I really like 7 1/2 I load 1 1/4 oz or I did I ran out of Ball Powder that they don't make any more I will have to find a new powder


----------



## Lucky Dog (Jul 4, 2004)

I like #6


----------



## BIGSP (Sep 16, 2004)

Sam22 said:


> I like 6's. I think it's because I am dogless, and want them to drop dead and not move. Does anyone worry about putting pellets (8's) in a bird and it still getting away?? I have knocked birds on their rear with shot, and they flew away when I reached down to pick them up.


That's why I don't like 8's. It is purely antecdotal but, if it messes with your head that's enough to ruin some good days of hunting. I shot a couple of grouse last year with 3/4 ounce nickle plated 8's and had to hit them again because I feared that they were going to keep going.

I now shoot 7 1/2's and occasionally a #6 in the second barrell. Cyl/skt to start the season. I'll let you know after I shoot my limit on Friday how well it works. 

Just food for thought most of the "proclaimed experts" say that #7 is the actually best shot for grouse. Now finding american 7's is like finding the last grouse in Michigan, maybe even harder but, if you reload you can get them. These same guys said that they would choose 6's over 7 1/2's if they could only have one over the other.

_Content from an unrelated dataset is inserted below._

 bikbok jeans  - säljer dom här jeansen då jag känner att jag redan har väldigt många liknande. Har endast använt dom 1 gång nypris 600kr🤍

I am sure either way tons of grouse will be killed by 6's, 7 1/2's, 8's and even an odd 9 or two. It's just like beauty, all in the eye of the beholder. I hope everyone has a fun, safe and memorable opener (just not too good ).


----------



## Rugerdog (Sep 19, 2005)

61. Definetly 61.


----------



## Huntsman27 (Sep 29, 2004)

of 7-1/2s or Fiocchi 8-1/2s. Depends on how fast you are on the birds.


----------



## hopeandpoke (Oct 16, 2004)

9's in the early season thru cyl. chokes for me. As the the leaves fall I'll go to 7 1/2s thru skeet and light mod. 20ga. skb 505.


----------



## roughwoods (Jan 30, 2005)

8 & 9's early season then 7 1/2 late season


----------



## Hevi (May 18, 2004)

12 ga.
1st barrel, CYL. Fiocchi Power Spreader in #8...
2nd barrel, IC. Fiocchi White Rhino in #8...

-Late I will switch to SKT1 / SKT2 and shoot 8's and 7.5's

20 ga. 
I have some 7.5's to shoot up and we'll see after that

28 ga.
IC and Kemen Field 21, 3/4 oz of #8


----------



## HarleyP (Mar 4, 2004)

8's all season through the 16

perfer 7-1/2's through the 20 but couldn't find the el-cheap-o's in 7-1/2's so I have 8's for this year.


----------



## Tecumseh (Aug 13, 2004)

FieldWalker said:


> Alright then...
> 
> 8's are fine over setters... for them close range shots...
> 
> ...


 
Heck, the best early season shot is BB. Who wants to eat those nasty grouse anyways. Why even hunt them, noone else does.


----------



## lowavenger96 (Dec 8, 2004)

FieldWalker said:


> Alright then...
> 
> 8's are fine over setters... for them close range shots...
> 
> ...


Thank you for the advice Scott !!! LOL


----------



## Double Gun (Feb 22, 2005)

8's all season.


----------



## omega58 (Sep 3, 2003)

I'm thinking about going non-tox when October begins so I can jump shoot some ducks. I have some #6 hevishot that should work just fine. 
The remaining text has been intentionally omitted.